🤖 AI Summary
This work proposes an automated, dynamic threat-hunting framework that integrates AI agents with the Splunk SIEM platform to address the evolving challenges posed by advanced persistent threats (APTs) and the inefficiencies in processing massive volumes of heterogeneous logs within security operations centers (SOCs). The framework uniquely combines a reconstruction-based autoencoder, a two-layer deep reinforcement learning architecture, and a large language model to establish a policy-guided, context-aware autonomous hunting mechanism. This enables an end-to-end closed-loop pipeline—from traffic ingestion and anomaly detection to risk prioritization.

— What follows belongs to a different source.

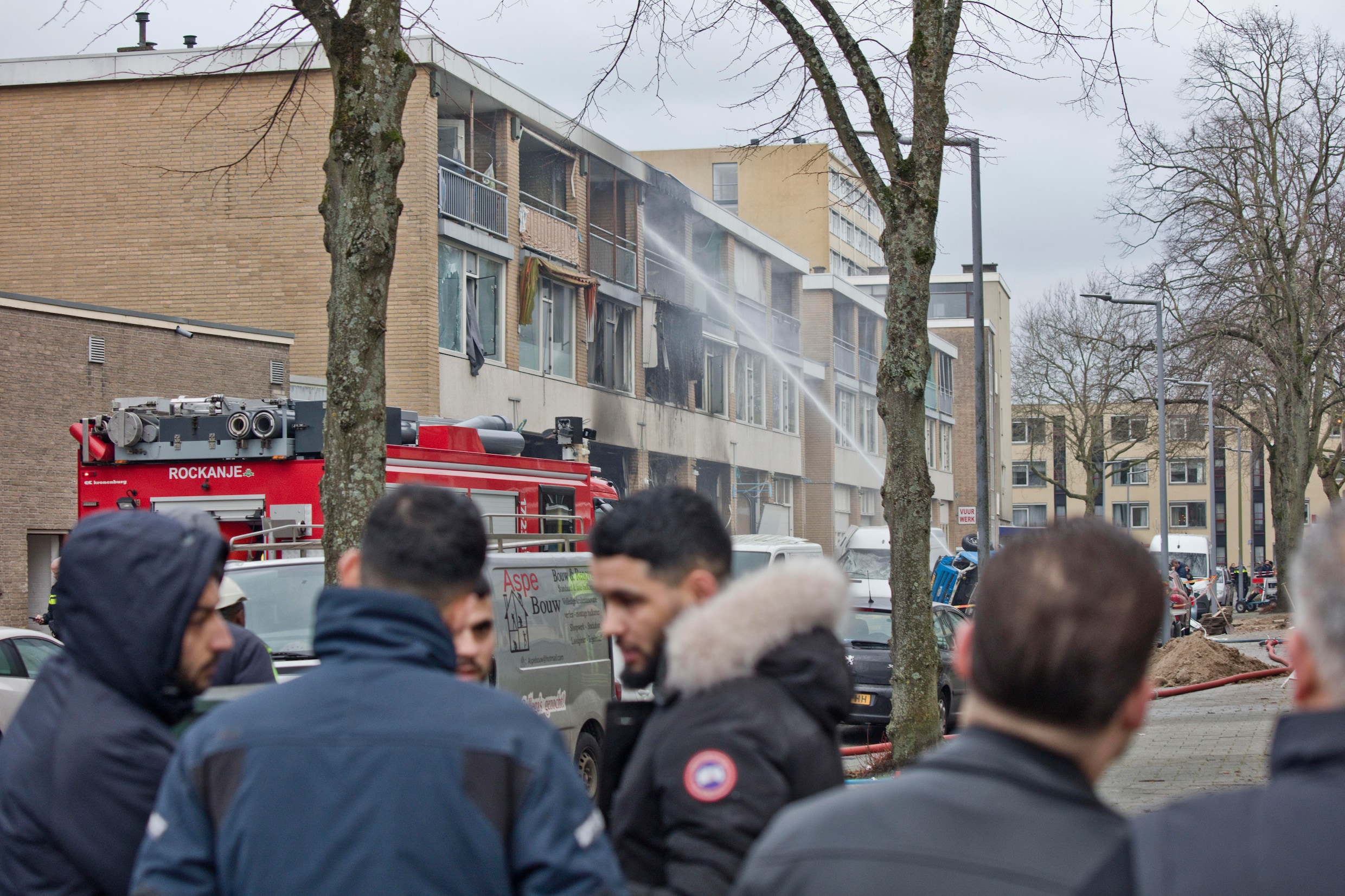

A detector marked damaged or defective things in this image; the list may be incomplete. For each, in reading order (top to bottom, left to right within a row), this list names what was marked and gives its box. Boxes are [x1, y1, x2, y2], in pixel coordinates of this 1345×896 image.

damaged apartment facade [0, 33, 882, 540]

Experimental results demonstrate that the approach adaptively aligns with diverse SOC objectives and effectively identifies suspicious and malicious network traffic on both public and simulated datasets, significantly enhancing analysts’ decision-making efficiency.
📝 Abstract
With frequently evolving Advanced Persistent Threats (APTs) in cyberspace, traditional security solutions approaches have become inadequate for threat hunting for organizations. Moreover, SOC (Security Operation Centers) analysts are often overwhelmed and struggle to analyze the huge volume of logs received from diverse devices in organizations. To address these challenges, we propose an automated and dynamic threat hunting framework for monitoring evolving threats, adapting to changing network conditions, and performing risk-based prioritization for the mitigation of suspicious and malicious traffic. By integrating Agentic AI with Splunk, an established SIEM platform, we developed a unique threat hunting framework. The framework systematically and seamlessly integrates different threat hunting modules together, ranging from traffic ingestion to anomaly assessment using a reconstruction-based autoencoder, deep reinforcement learning (DRL) with two layers for initial triage, and a large language model (LLM) for contextual analysis. We evaluated the framework against a publicly available benchmark dataset, as well as against a simulated dataset. The experimental results show that the framework can effectively adapt to different SOC objectives autonomously and identify suspicious and malicious traffic. The framework enhances operational effectiveness by supporting SOC analysts in their decision-making to block, allow, or monitor network traffic. This study thus enhances cybersecurity and threat hunting literature by presenting the novel threat hunting framework for security decision- making, as well as promoting cumulative research efforts to develop more effective frameworks to battle continuously evolving cyber threats.